Prompt = Omit the pictures, but give back every entry below exactly as written.

Dataset records =
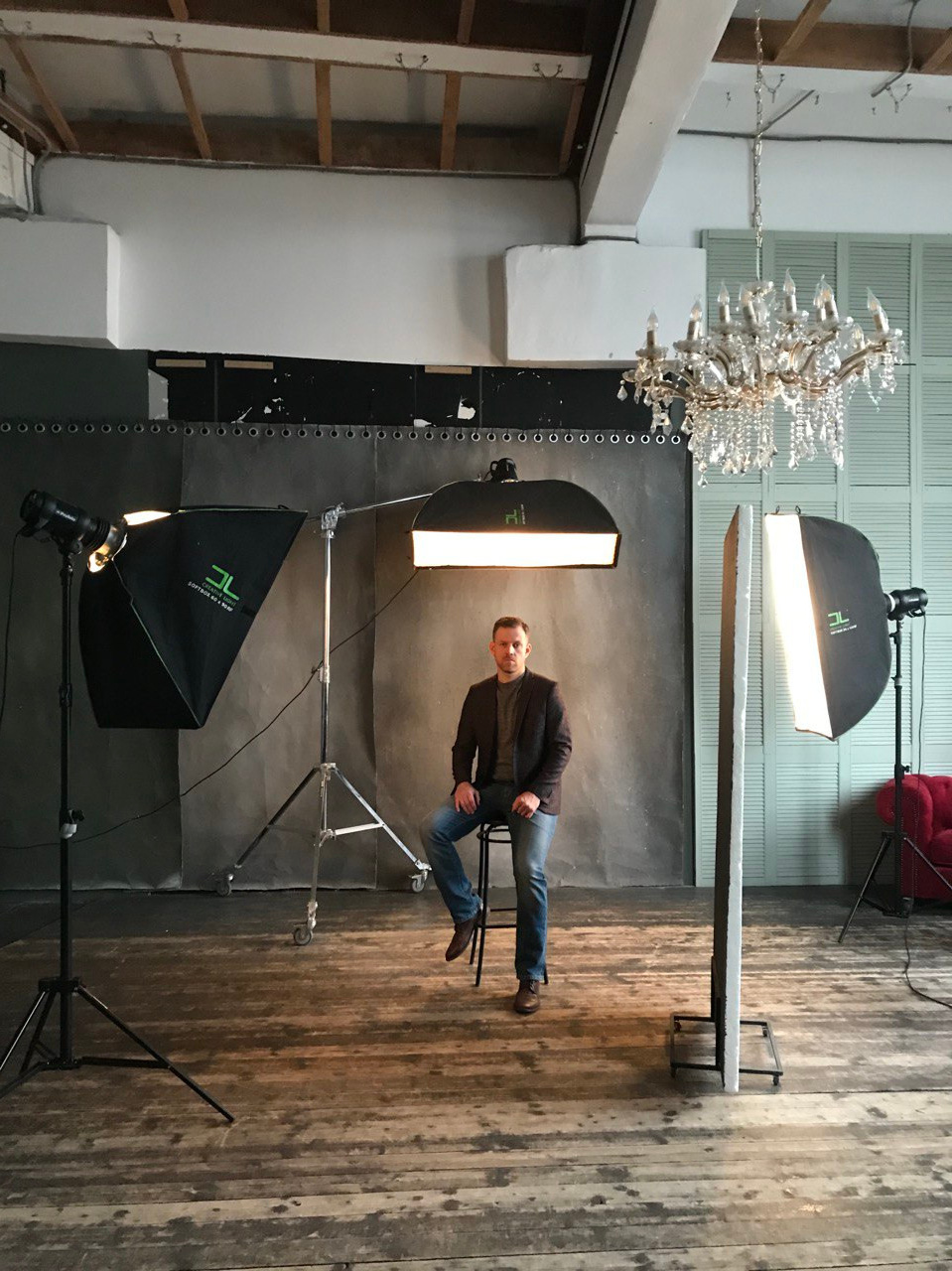 Индивидуальный урок по импульсному свету. Фотограф в Москве Наталья Курова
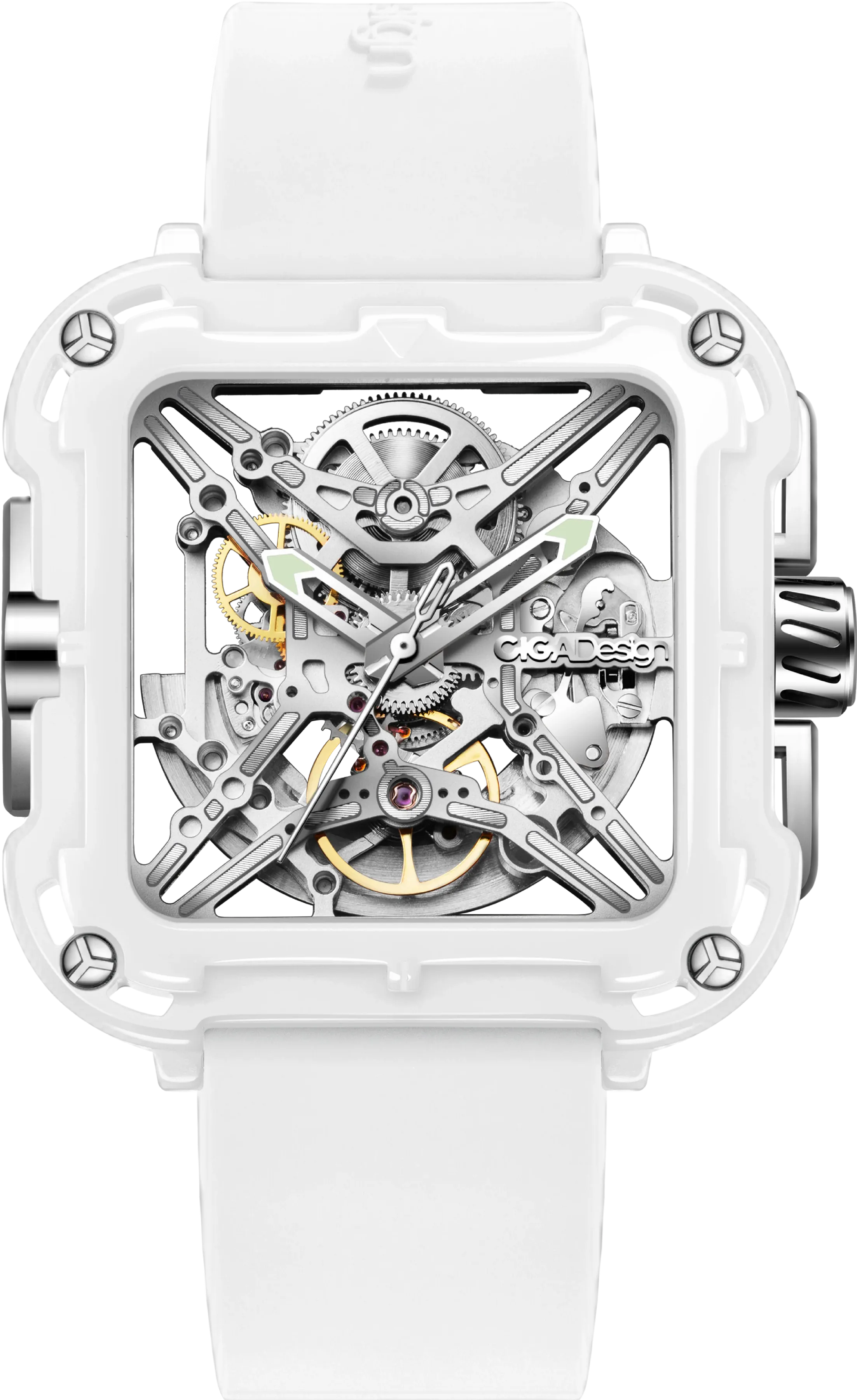 CIGA Design MACHINA — alternative to Bell & Ross BR-01 CYBER SKULL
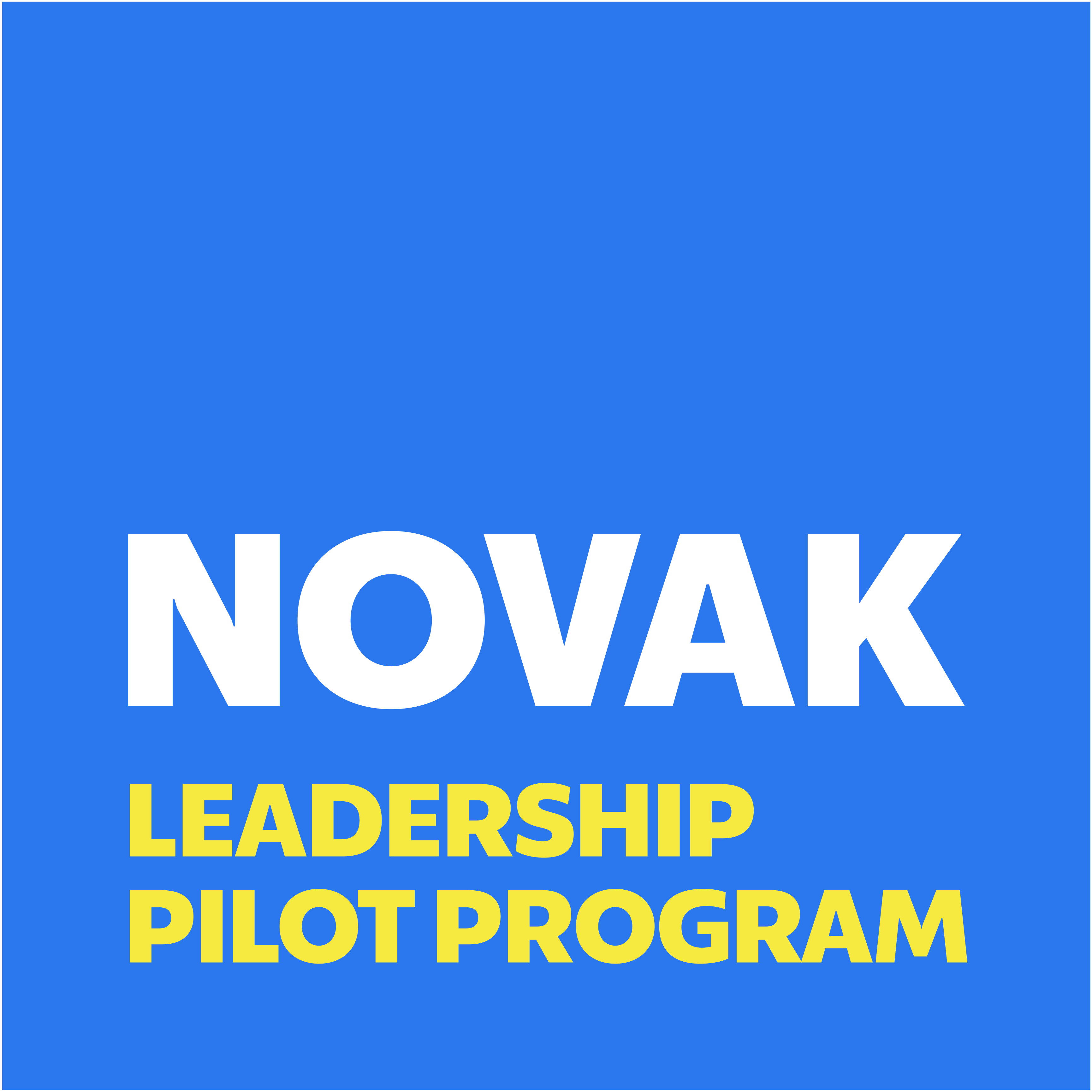 Novak Leadership Pilot Program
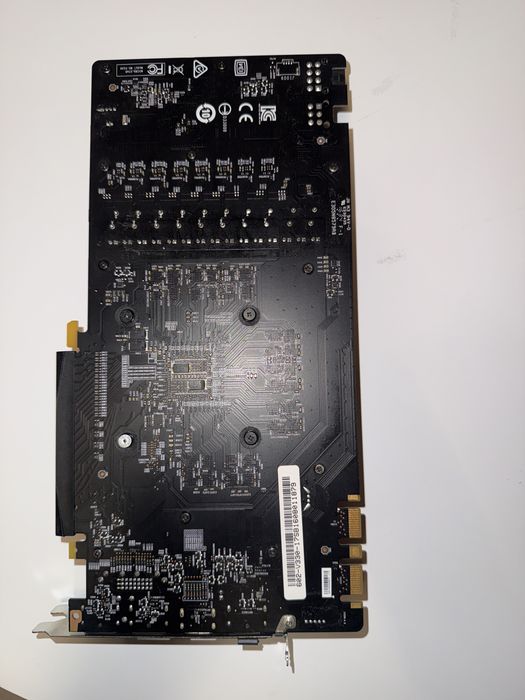 Placa video MSI Geforce GTX 1070 ti armor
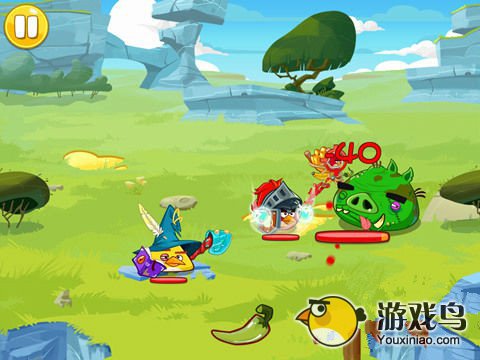 《愤怒的小鸟英雄传》钴高原3到6关三星攻略[多图]图片4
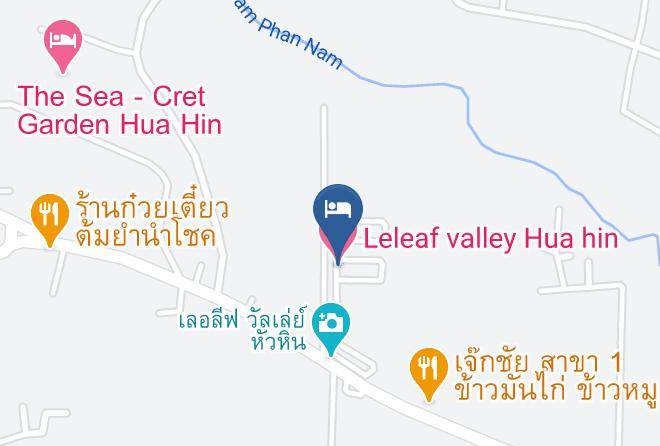 Amphoe Hua Hin - Leleaf Valley Hua Hin Maps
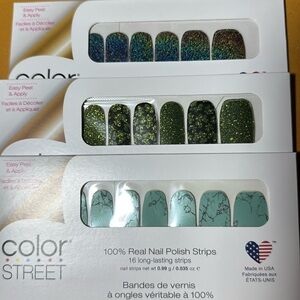 Color street nail bundle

Problem solution =
 Индивидуальный урок по импульсному свету. Фотограф в Москве Наталья Курова
 CIGA Design MACHINA — alternative to Bell & Ross BR-01 CYBER SKULL
 Novak Leadership Pilot Program
 Placa video MSI Geforce GTX 1070 ti armor
 《愤怒的小鸟英雄传》钴高原3到6关三星攻略[多图]图片4
 Amphoe Hua Hin - Leleaf Valley Hua Hin Maps
 Color street nail bundle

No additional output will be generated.